1 minute read
Dick Blaschke and the great Middleton Theater Contest
by Claudia Miska
I sat down earlier this month with Dick Blaschke, a long time Middleton resident, to listen to some of his stories about growing up in Middleton.
Advertisement
We talked about the Middleton Theater at 2111 Parmenter Street. The theater was owned by the M.E. Theater Management Company with headquarters in Milwaukee. The theater was a quonset type building that featured 99 cent movies and opened in November, 1946.
Dick told me a story about how Mr. Kromrey was the scoutmaster of his boy scout troop. Mr. Kromrey made a deal with the theater that the scouts were to sell tickets for some event and the prize to the highest seller would be to be the first person in the theater to see the 1939 movie Union Pacific directed by Cecil B. DeMille. The movie was about how someone tried to sabotage the building of the transcontinental railroad.

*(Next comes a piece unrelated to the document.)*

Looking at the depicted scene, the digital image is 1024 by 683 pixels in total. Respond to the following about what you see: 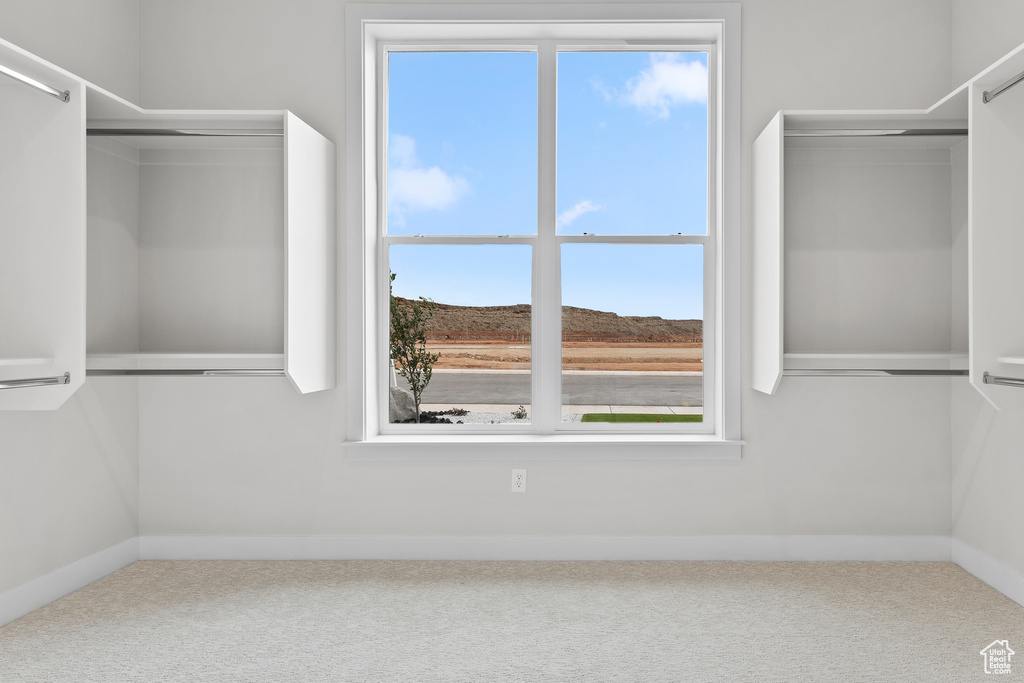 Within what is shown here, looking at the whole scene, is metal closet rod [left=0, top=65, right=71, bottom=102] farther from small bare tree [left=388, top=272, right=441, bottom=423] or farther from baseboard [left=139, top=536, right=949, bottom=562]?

Dick was enterprising at a young age. He figured out that if he took the tickets with him as he delivered the papers on his paper route, he could sell his tickets quickly. Dick sold the most tickets and got his pick of the seat in the theater. He also remembered he got a kit to assemble a pair of moccasins from scoutmaster Kromrey.

On the day the theater was razed, the marquee announced “The Last Show: Foss Building Rides Again”. Greg Foss, of Foss Builders was the contractor for a senior living housing project that was built in the location. Greg named the building “The Patrician” after his wife.
The last owner of the theater, Madison 20th Century Theaters gave some of the seats to the American Players Theater. The building itself was donated to New Life Baptist Church. It was taken down piece by piece and moved.